Hellboy Library Edition Volume 6
Written by Mike Mignola
Art by Mike Mignola, Duncan Fegredo, Richard Corben, Kevin Nowlan, and Scott Hampton
Colours by Dave Stewart
Cover by Mike Mignola
Published by Dark Horse
In the recent history of independent comics, it’s hard to argue there’s any character who has joined the main stream quite like Mike Mignola’s Hellboy. With his gruff mixture of everyday working stiff attitude and other worldly demonic origins, Hellboy has always been as approachable and endearing a superhero as they come. Consequently, he’s seen as high an amount of content put out as anyone outside the big two, and a whole mess of it can be found in Hellboy Library Edition Volume 6, a handsome and extensive hard cover from Dark Horse.

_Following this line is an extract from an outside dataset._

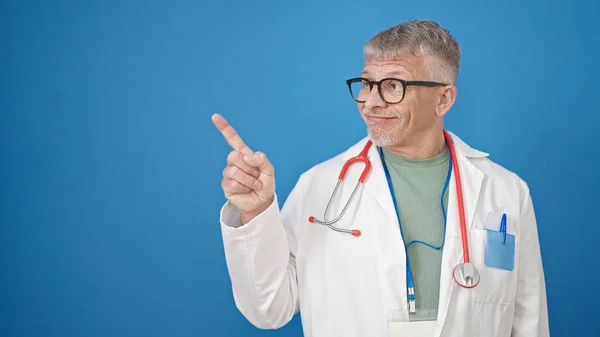 Middle Age Grey Haired Man Doctor Smiling Confident Pointing Fingers — Stock Photo, Image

Collecting the notorious ‘The Storm And The Fury’ storyline, as well as a slew of other miniseries and one shots, Volume 6 flashes many of Hellboy’s longtime storytelling strengths, as well as no shortage of its weaknesses. Hellboy has long drawn influence and inspiration from a wide variety of sources. Consequently, it’s difficult for a single series to emerge above the pack as a defining, culminating piece of work. That’s exactly what The Storm And The Fury attempts to be, and it inevitably falls a little short. It’s plenty entertaining on its own merits, but given Hellboy’s long history and immense cast, choices of setting, characters, and events seem arbitrary rather than appropriate for the significance of results.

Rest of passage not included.